> _WORK ORDER_
The reply must contain exactly the lines below from the one with "Blue Embroidered Spread" down to the one with "Aeropostale Women's Floral", both included, and nothing more; please omit the pictures.
____ TASK DATA
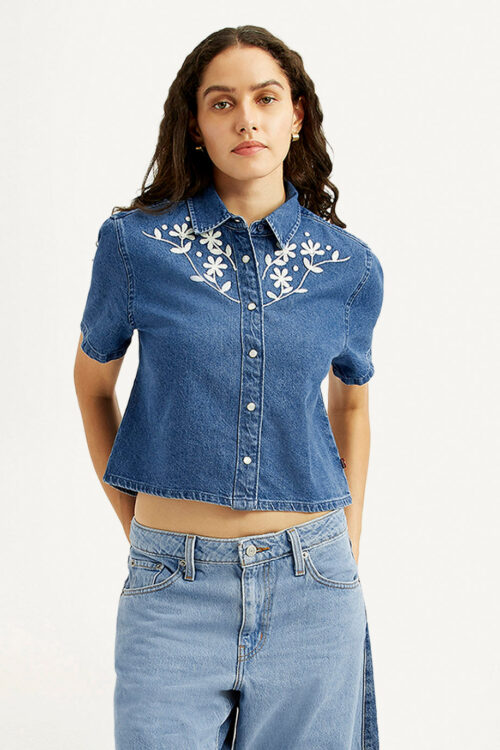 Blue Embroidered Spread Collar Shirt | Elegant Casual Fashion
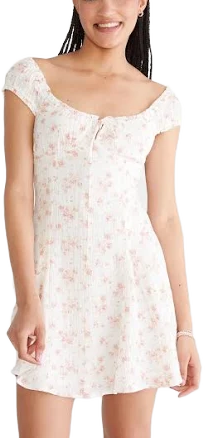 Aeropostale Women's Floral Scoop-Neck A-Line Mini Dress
________
____ TASK DATA
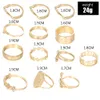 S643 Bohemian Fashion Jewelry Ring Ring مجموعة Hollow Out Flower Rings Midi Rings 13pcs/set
________
> _TASK ANSWER_
 Blue Embroidered Spread Collar Shirt | Elegant Casual Fashion
 Aeropostale Women's Floral Scoop-Neck A-Line Mini Dress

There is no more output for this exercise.